(Caption-style text data)

-*-*-

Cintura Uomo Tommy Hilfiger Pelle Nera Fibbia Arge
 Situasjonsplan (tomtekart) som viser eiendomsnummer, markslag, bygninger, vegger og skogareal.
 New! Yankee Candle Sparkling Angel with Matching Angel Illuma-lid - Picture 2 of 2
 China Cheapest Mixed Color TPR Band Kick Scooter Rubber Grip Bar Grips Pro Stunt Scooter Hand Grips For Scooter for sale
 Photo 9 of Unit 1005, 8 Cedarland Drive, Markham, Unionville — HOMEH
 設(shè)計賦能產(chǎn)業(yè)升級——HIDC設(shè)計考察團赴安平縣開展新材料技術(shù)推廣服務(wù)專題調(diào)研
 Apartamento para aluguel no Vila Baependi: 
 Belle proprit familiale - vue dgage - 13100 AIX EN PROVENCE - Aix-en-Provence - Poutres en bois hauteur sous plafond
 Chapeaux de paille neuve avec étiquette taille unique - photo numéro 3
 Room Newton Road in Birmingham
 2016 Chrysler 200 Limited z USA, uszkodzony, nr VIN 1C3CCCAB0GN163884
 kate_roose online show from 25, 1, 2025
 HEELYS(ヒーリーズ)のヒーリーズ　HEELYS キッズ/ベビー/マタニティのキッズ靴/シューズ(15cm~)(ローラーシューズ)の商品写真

-*-*-

# Exercise requirements
Write out the entries in full, exactly as given.

# Worked solution
Cintura Uomo Tommy Hilfiger Pelle Nera Fibbia Arge
 Situasjonsplan (tomtekart) som viser eiendomsnummer, markslag, bygninger, vegger og skogareal.
 New! Yankee Candle Sparkling Angel with Matching Angel Illuma-lid - Picture 2 of 2
 China Cheapest Mixed Color TPR Band Kick Scooter Rubber Grip Bar Grips Pro Stunt Scooter Hand Grips For Scooter for sale
 Photo 9 of Unit 1005, 8 Cedarland Drive, Markham, Unionville — HOMEH
 設(shè)計賦能產(chǎn)業(yè)升級——HIDC設(shè)計考察團赴安平縣開展新材料技術(shù)推廣服務(wù)專題調(diào)研
 Apartamento para aluguel no Vila Baependi: 
 Belle proprit familiale - vue dgage - 13100 AIX EN PROVENCE - Aix-en-Provence - Poutres en bois hauteur sous plafond
 Chapeaux de paille neuve avec étiquette taille unique - photo numéro 3
 Room Newton Road in Birmingham
 2016 Chrysler 200 Limited z USA, uszkodzony, nr VIN 1C3CCCAB0GN163884
 kate_roose online show from 25, 1, 2025
 HEELYS(ヒーリーズ)のヒーリーズ　HEELYS キッズ/ベビー/マタニティのキッズ靴/シューズ(15cm~)(ローラーシューズ)の商品写真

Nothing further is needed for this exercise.